With the pictures left out, retype exactly the lines below starting at the line that contains "K&N 57-3010-1 K&N" and ending at the line that contains "VidaXL Klapptisch für".

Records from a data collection
• • • •

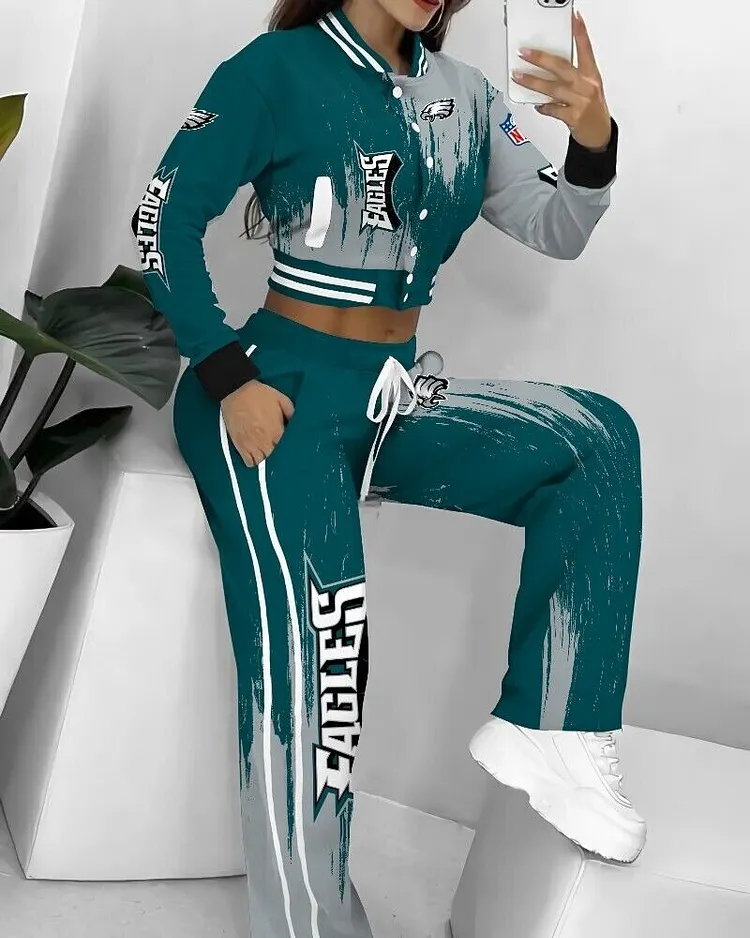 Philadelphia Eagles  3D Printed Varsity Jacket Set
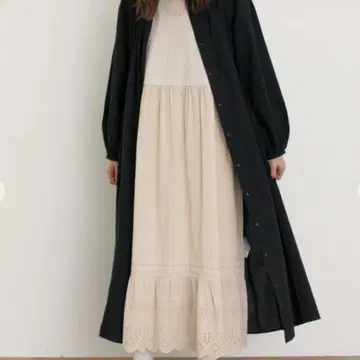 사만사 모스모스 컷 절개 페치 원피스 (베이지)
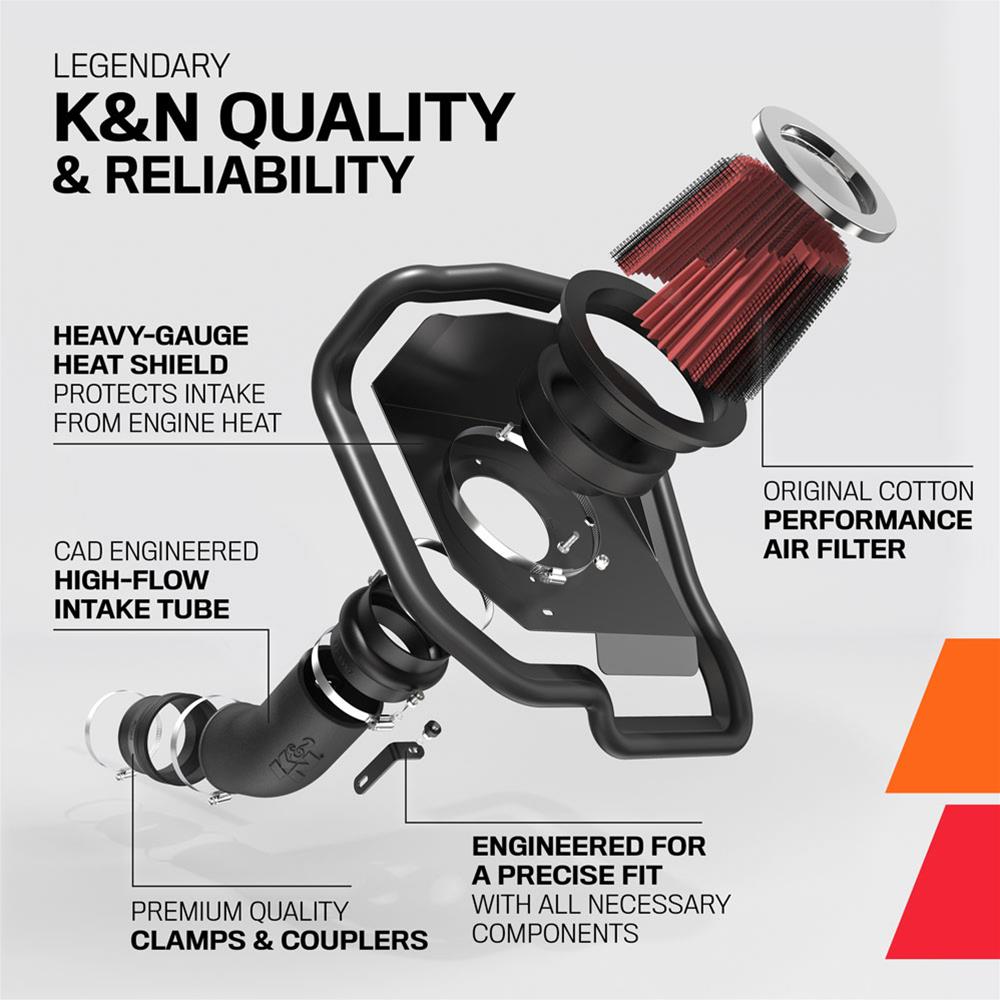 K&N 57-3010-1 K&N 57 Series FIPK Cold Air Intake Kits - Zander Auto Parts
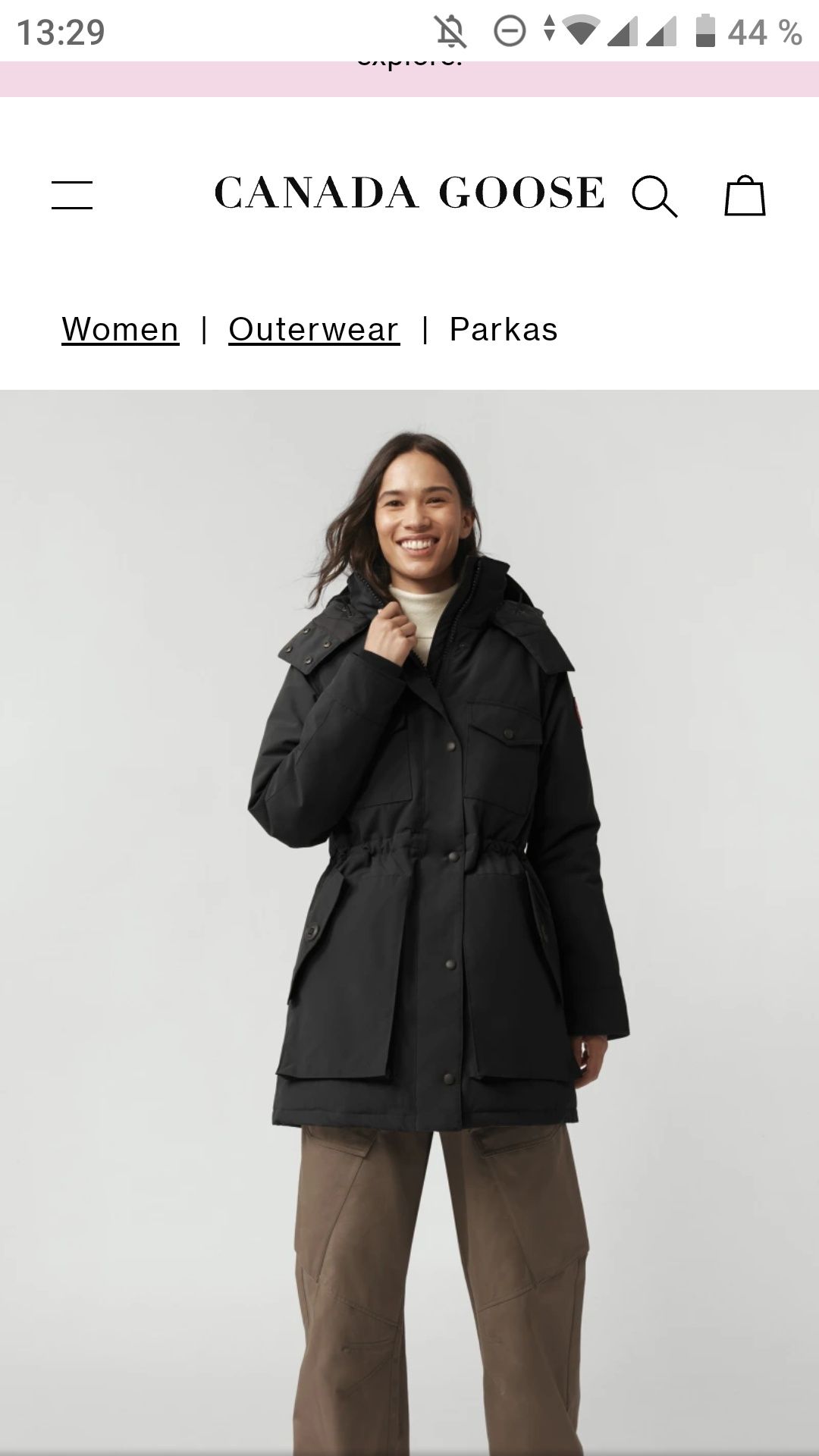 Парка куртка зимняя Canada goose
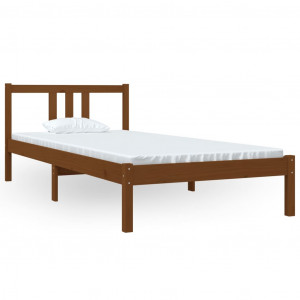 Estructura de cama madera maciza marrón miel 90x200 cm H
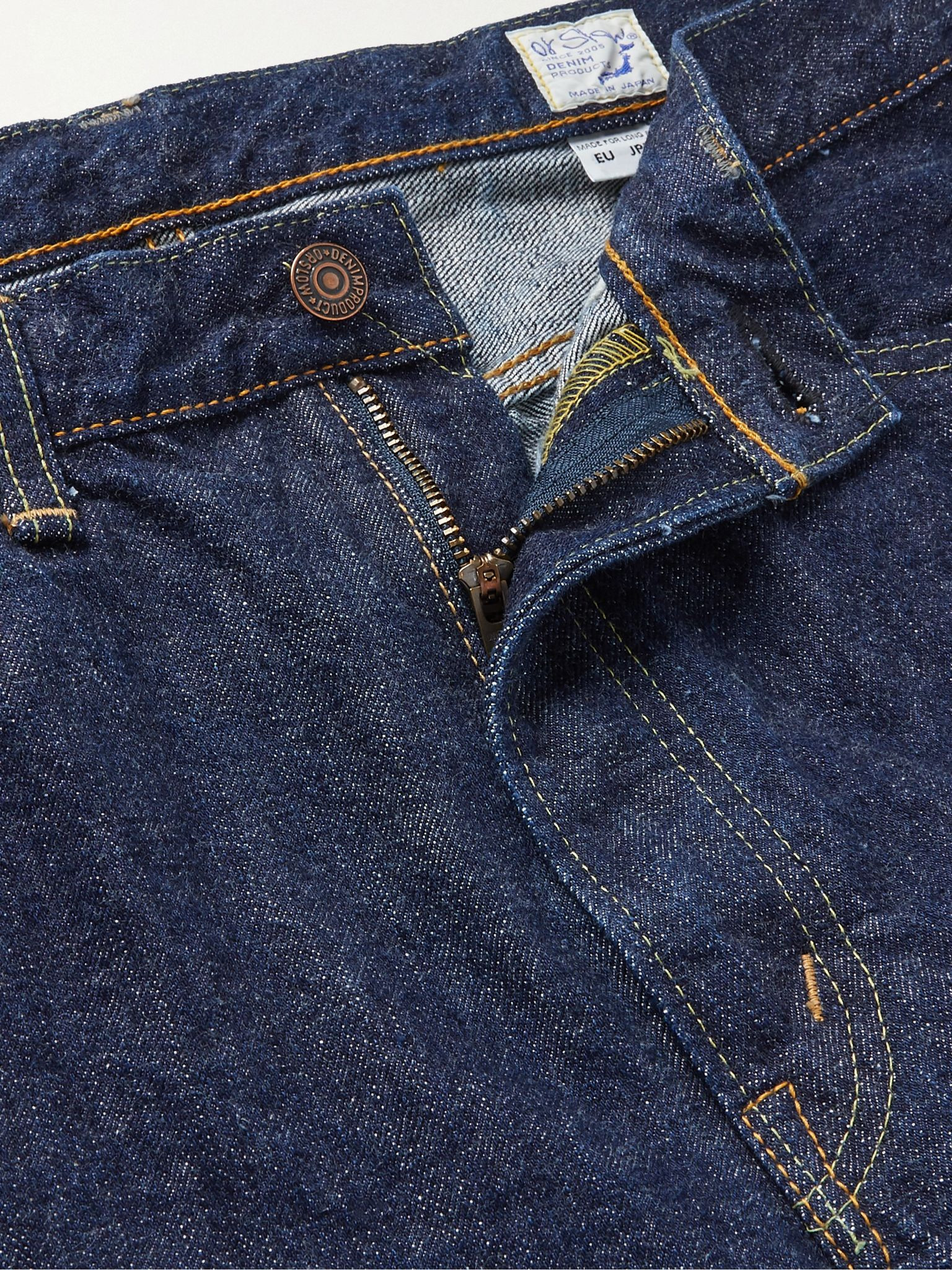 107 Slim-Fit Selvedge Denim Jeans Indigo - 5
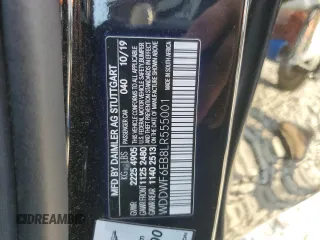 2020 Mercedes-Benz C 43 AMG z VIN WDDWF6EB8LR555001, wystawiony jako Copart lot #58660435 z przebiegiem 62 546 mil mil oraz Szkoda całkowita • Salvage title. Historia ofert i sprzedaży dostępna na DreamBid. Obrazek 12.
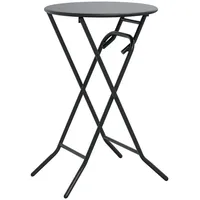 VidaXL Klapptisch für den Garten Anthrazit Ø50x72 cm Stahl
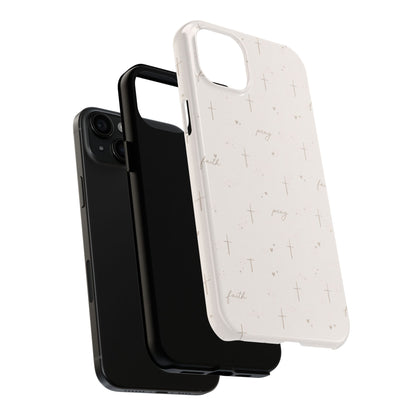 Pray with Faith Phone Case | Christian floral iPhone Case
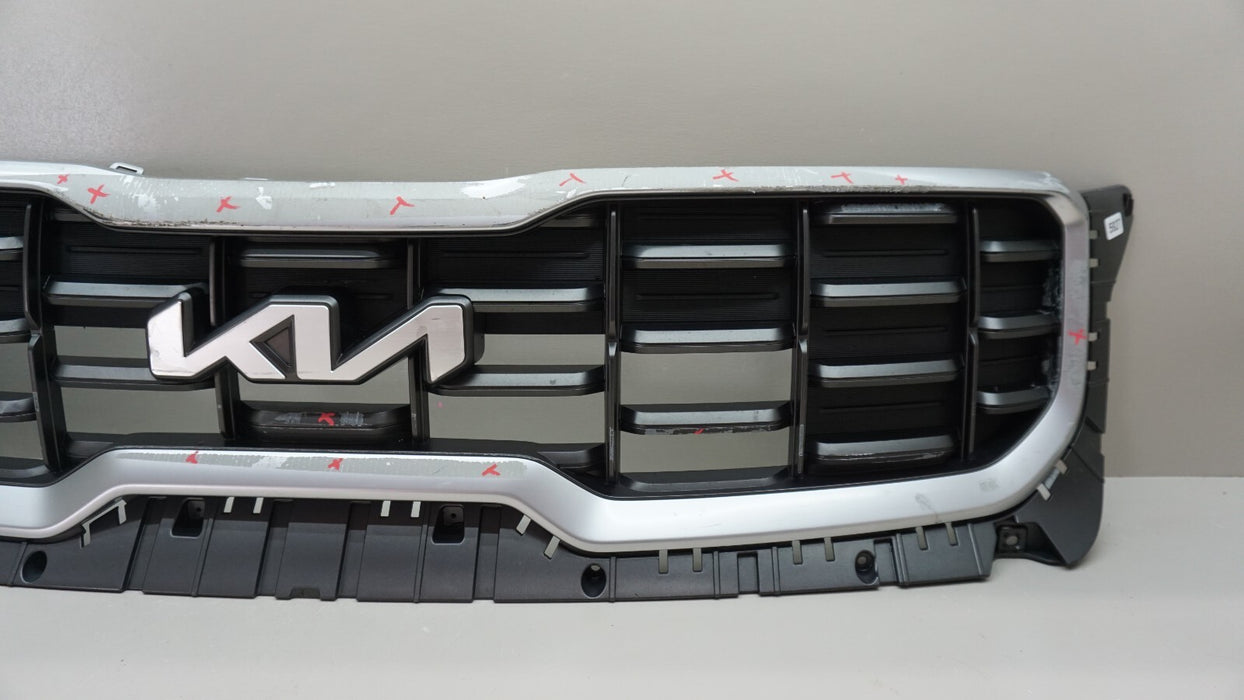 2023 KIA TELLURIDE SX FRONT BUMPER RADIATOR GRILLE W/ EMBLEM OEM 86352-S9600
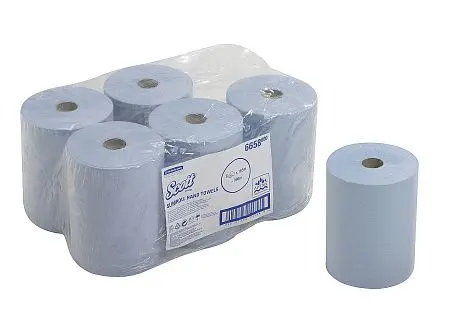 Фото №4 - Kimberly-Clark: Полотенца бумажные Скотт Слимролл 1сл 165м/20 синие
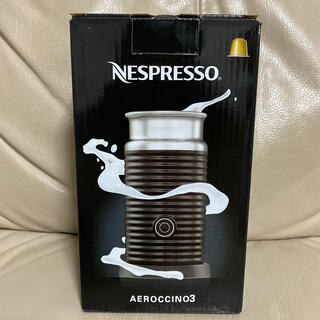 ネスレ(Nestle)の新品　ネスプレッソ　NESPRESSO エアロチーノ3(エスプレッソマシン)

• • • •

Result of the exercise:
 K&N 57-3010-1 K&N 57 Series FIPK Cold Air Intake Kits - Zander Auto Parts
 Парка куртка зимняя Canada goose
 Estructura de cama madera maciza marrón miel 90x200 cm H
 107 Slim-Fit Selvedge Denim Jeans Indigo - 5
 2020 Mercedes-Benz C 43 AMG z VIN WDDWF6EB8LR555001, wystawiony jako Copart lot #58660435 z przebiegiem 62 546 mil mil oraz Szkoda całkowita • Salvage title. Historia ofert i sprzedaży dostępna na DreamBid. Obrazek 12.
 VidaXL Klapptisch für den Garten Anthrazit Ø50x72 cm Stahl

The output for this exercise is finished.